BitMEX / api-connectors

Libraries for connecting to the BitMEX API.
https://www.bitmex.com/app/restAPI
910 stars 795 forks source link

Repeating events for all symbols #120

Closed emileindik closed 6 years ago

emileindik commented 6 years ago

Hi there,

Thanks for this package! Is there a reason that when a single piece of data comes in from a particular symbol stream, events for all symbols are emitted?

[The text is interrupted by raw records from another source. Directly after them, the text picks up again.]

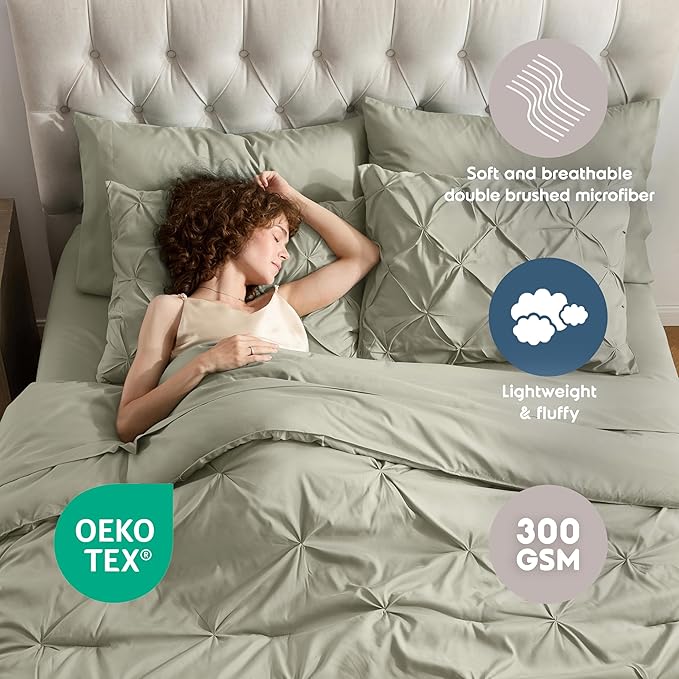 Nestl California King Comforter Set 7 Piece - Pintuck Cal King Comforter Set Light Sage, California King Bed in a Bag, All Season Bed Set with Flat Sheet and Fitted Sheet, Pillowcases and Shams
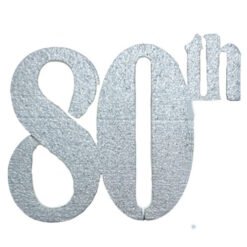 Glittery silver '80 ft' text graphic with the letters forming a bold sign, textured surface visible across the characters.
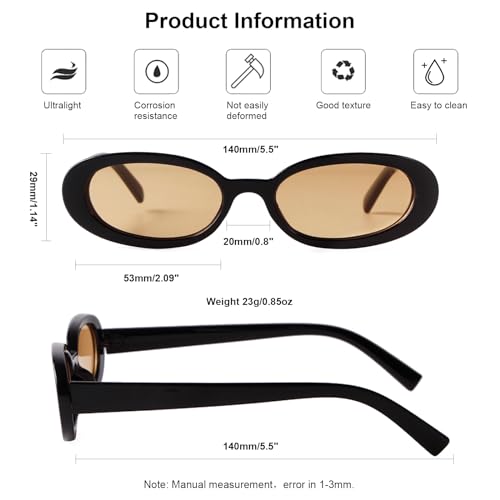 90s Sunglasses for Women Men Retro Small Oval Sunglasses - color: Black/Light Orange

I think it's due to this block of code in createSocket.js:

Object.keys(symbolData).forEach((symbol) => {
  const key = `${table}:${action}:${symbol}`;
  debug('emitting %s with data %j', key, symbolData[symbol]);
  emitter.emit(key, _.extend({}, data, {data: symbolData[symbol]}));
});

Can we not detect exactly which symbol the data belongs to? Could this be causing my code to think that a symbol is receiving more activity than it actually is? Sorry if I'm missing something.

Thanks!

ryanfox commented 6 years ago

Consumers may be listening for different event types, see also in createSocket.js:

https://github.com/BitMEX/api-connectors/blob/115f15971785595e69b9b21437efc0319ab8e029/official-ws/nodejs/lib/createSocket.js#L50-L56

Your consumer should only be receiving events you are subscribed to. If you're getting more events than you anticipated, double check exactly what is subscribed.

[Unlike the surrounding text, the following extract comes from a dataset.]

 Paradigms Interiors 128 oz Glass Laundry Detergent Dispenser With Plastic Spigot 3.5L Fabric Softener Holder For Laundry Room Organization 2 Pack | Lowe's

emileindik commented 6 years ago

Right, I am subscribed to events from, say, XBTUSD, XBTM18, and XBTU18. However, if you simply console.log(symbol) in the callback to client.addStream() stdout will show:

XBTUSD
XBTM18
XBTU18
XBTUSD
XBTM18
XBTU18
.
.
.

An event for each symbol is emitted on any received data due to this block in createSocket.js:

Object.keys(symbolData).forEach((symbol) => {
  const key = `${table}:${action}:${symbol}`;
  debug('emitting %s with data %j', key, symbolData[symbol]);
  emitter.emit(key, _.extend({}, data, {data: symbolData[symbol]}));
});

I don't think there should be a Object.keys() loop at all, but simply adding an if condition:

Object.keys(symbolData).forEach((symbol) => {
  if (symbolData[symbol].length) {
    const key = `${table}:${action}:${symbol}`;
    debug('emitting %s with data %j', key, symbolData[symbol]);
    emitter.emit(key, _.extend({}, data, {data: symbolData[symbol]}));
  }
});

seems to work as a quick fix. Would just like to be sure that I'm not breaking any intended functionality.

ryanfox commented 6 years ago

How are you subscribing to the specific events?

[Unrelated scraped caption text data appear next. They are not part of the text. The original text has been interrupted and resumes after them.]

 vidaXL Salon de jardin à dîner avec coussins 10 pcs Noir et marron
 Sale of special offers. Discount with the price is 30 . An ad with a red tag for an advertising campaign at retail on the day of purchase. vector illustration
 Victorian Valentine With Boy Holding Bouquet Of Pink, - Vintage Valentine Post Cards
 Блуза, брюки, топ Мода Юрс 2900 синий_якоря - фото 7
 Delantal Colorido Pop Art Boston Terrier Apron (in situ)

emileindik commented 6 years ago

The same way the delta-server subscribes.

config.symbols.forEach(function(symbol) {
  config.streams.forEach(function(streamName) {
    client.addStream(symbol, streamName, function(data, symbol, tableName) {

    });
  });
});

with a config that looks like:

module.exports = {
  symbols: ['XBTUSD', 'XBTM18', 'XBTU18'],
  streams: ['orderBookL2'],
  .
  .
  .
}

Should I instead be sending a subscribe message like this?

{"op": "subscribe", "args": ['orderBookL2:XBTUSD', 'orderBookL2:XBTM18', 'orderBookL2:XBTU18']}
ryanfox commented 6 years ago

I think that may be a result of the way orderBookL2 data tends to arrive. If you change streams to quote, do you still see double logging?

emileindik commented 6 years ago

Yes, I still see this pattern:

XBTUSD
XBTM18
XBTU18
XBTUSD
XBTM18
XBTU18
.
.
.

for this config with just quote:

module.exports = {
  symbols: ['XBTUSD', 'XBTM18', 'XBTU18'],
  streams: ['quote'],
}
andersea commented 6 years ago

I haven't looked at the code yet, but from the behaviour I am seeing it really looks like there is an issue. I am getting multiple output messages for each input message when subscribing to multiple instruments at once. It is pretty hard to make sense of without going through the code step by step, but it almost seems that it dumps the entire table when each input message is recieved, which is not what you want. You only want the data that matches the table key, so usually the symbol name.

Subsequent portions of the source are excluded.